**WHAT YOU HAVE TO DO**
Starting at the line that contains "3pc Cacharel Yes, I" and stopping at the line that contains "Pre-owned Peserico Leather", restate each line of the records below exactly. Omit the pictures.

**DATA SUPPLIED**
▶

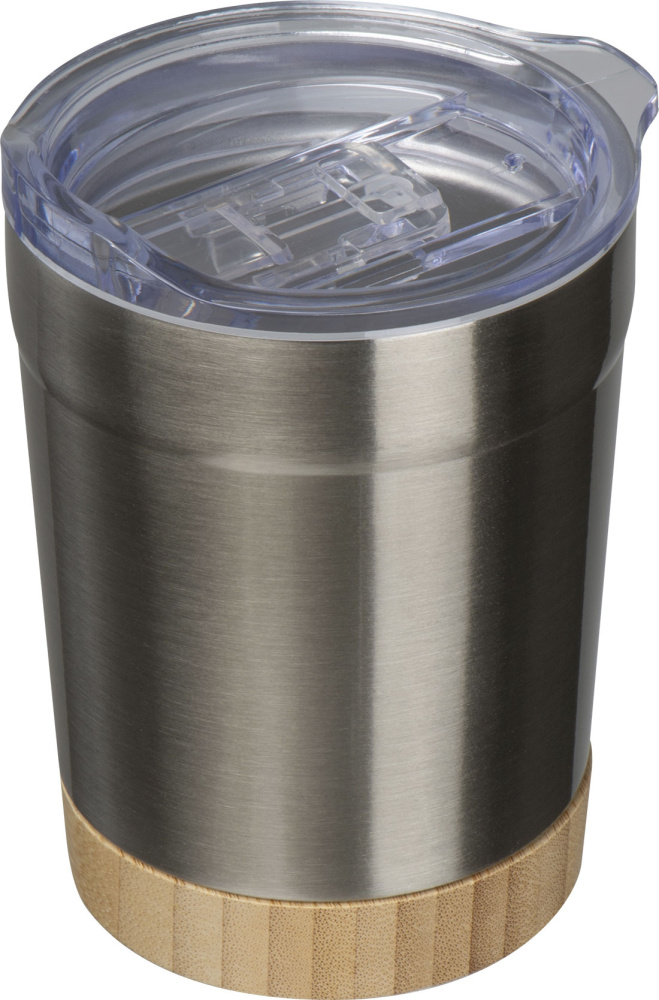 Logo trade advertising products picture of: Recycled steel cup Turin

◀
▶

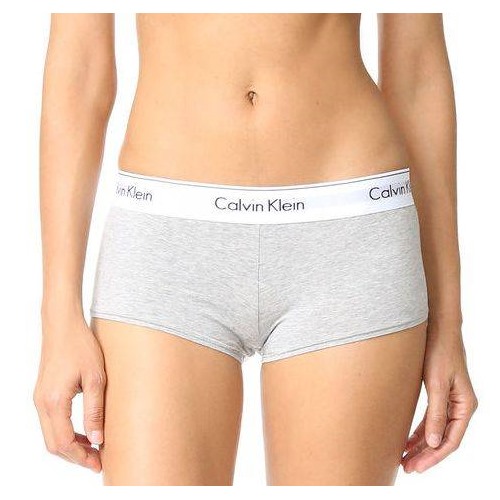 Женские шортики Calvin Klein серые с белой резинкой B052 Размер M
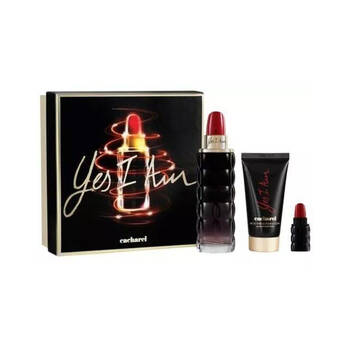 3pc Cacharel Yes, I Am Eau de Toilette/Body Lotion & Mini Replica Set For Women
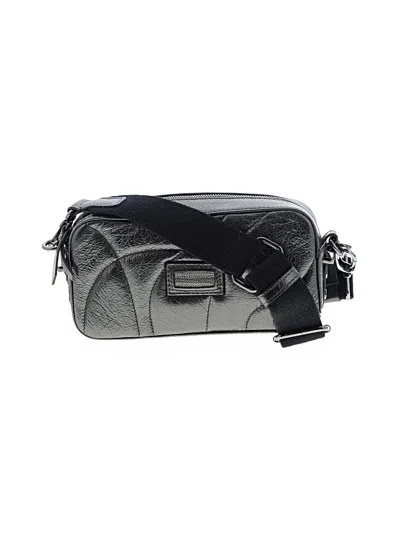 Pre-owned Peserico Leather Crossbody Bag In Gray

◀

**SOLVED EXERCISE**
 3pc Cacharel Yes, I Am Eau de Toilette/Body Lotion & Mini Replica Set For Women
 Pre-owned Peserico Leather Crossbody Bag In Gray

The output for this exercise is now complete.